Packing was interesting. Unlike my trip TO Namibia in December 2008 and my study abroad experience in 1993/94, I CANNOT carry all of my current belongings all-by-myself (see my post on packing). I arrived in Namibia with simply a duffle bag; a large suitcase, a small suitcase, and a backpack, so about 3.5 bags. As shown in the photo, I now have at least twice that many bags and all kind of extra knick-knacks. My possessions have definitely grown over the year.
* A Standing fan (the heat in the desert is a bit wicked)
* A Night/Reading Light (although I didn’t really use it because I was usually too lazy to turn off the overhead light AND it attracted bugs closer to me)

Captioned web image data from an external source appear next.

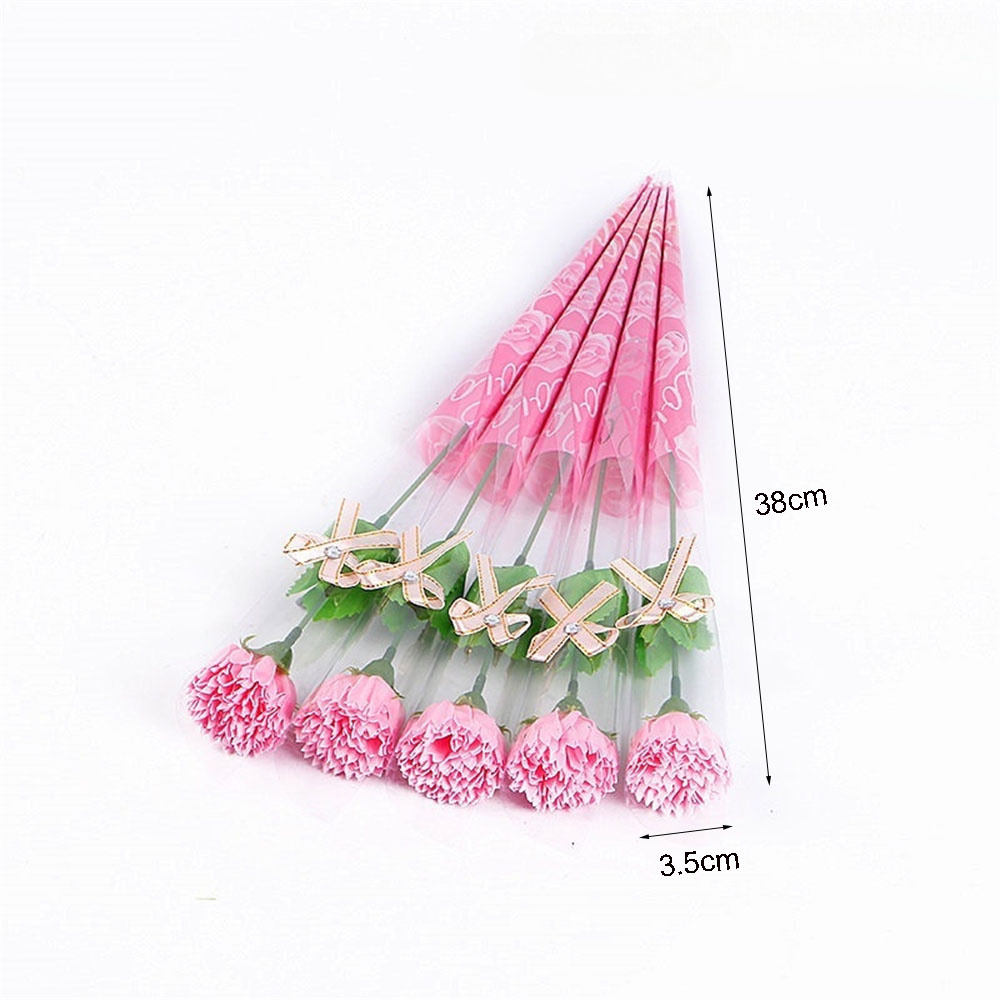 1 Piece Single Stem with Plastic Packaging Soap Made Flowers Artificial Carnation Bouquet Valentine's Day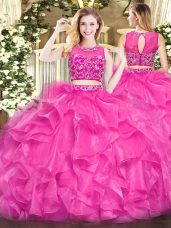 Top Selling Sleeveless Zipper Floor Length Beading and Ruffles Quinceanera Gown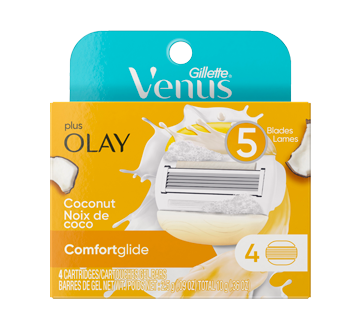 Venus ComfortGlide Plus Olay cartouches de rechange de rasoir pour femmes, 4 unités, noix de coco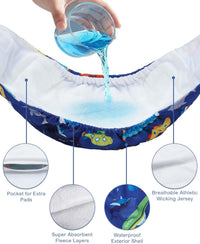 CuteBone Dog Diapers Male 4 Pack Puppy Wraps Reusable Doggie Belly - Little Riders / M(14"-17") - image 3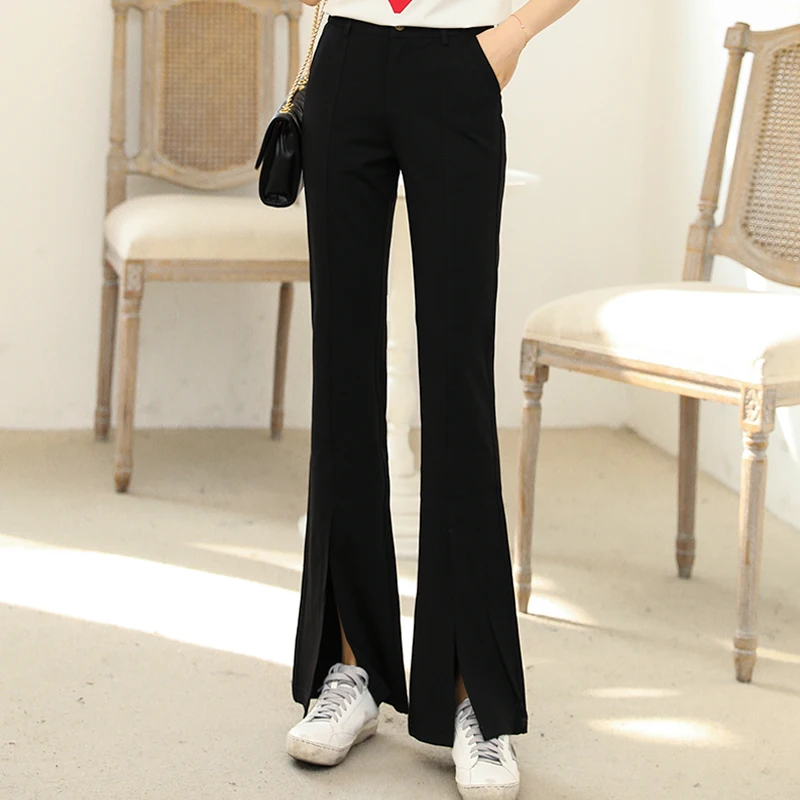High Waist Loose Wide Leg Pants Women's Bell Bottom Trousers Casual Straight Cut Draping Effect Summer New Style Korean Fashion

* a Big Blanket (it actually does get cold during the winter nights – ask my mother and my girlie, Denise)
* a Toddler Tub (yes, for me. Laugh if you like. I have no running hot water and sometimes a soak, even partial body, is necessary)
* Books and Files (textbooks, country guides, academic records, centre documents)

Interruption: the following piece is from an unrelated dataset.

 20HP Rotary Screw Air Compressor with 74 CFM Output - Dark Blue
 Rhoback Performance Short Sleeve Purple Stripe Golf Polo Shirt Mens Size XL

I also packed consumables (pasta, canned food, oatmeal, spices), cleaning supplies, insecticides, and toiletries (big Costco bottles of vitamins I’ve never used and why do I have 10 bottles of hand sanitizer?) that will relieve the bulk once they’re used up. Oh, and I also have a small suitcase entirely full of items for the Centre and schools. So that doesn’t really count either.
My packing also felt out-of-control because I have expanded my clothing wardrobe over the past 12 months – dresses, skirts, blouses, pants, shoes. I honestly do not know how I have like 30 pairs of socks. Underwear, yes, but socks? Some clothes do not fit any more (yes, a little “freshman 15” – all in the hips and thighs); others, I simply do not wear; while still others, mom sent to me from the States and I have yet to actually wear them. Accordingly, I donated a bag of clothes to the Catholic church in Khorixas and passed others on to friends of similar size. I’ll deal with my shoe-collection later.

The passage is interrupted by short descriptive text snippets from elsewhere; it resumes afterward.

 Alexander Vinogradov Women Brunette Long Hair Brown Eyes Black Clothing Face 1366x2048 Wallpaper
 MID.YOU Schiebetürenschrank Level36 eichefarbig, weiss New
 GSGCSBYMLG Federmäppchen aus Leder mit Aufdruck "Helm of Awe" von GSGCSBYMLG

Luckily I had a bakkie (pick-up truck) to transport me to Keetmanshoop and I was the only passenger, so I kept all the big items. I can donate the blanket, fan, light, and toddler tub before leaving Namibia. My mini-library of books and files will definitely remain with me for future reference and research.
The trip wasn’t really that bad. I learned more about Herero culture (I think I’ll do more research and write a post about various marriage rituals and customs in the country), I shared with the driving, and no one blinked at the amount of luggage I brought.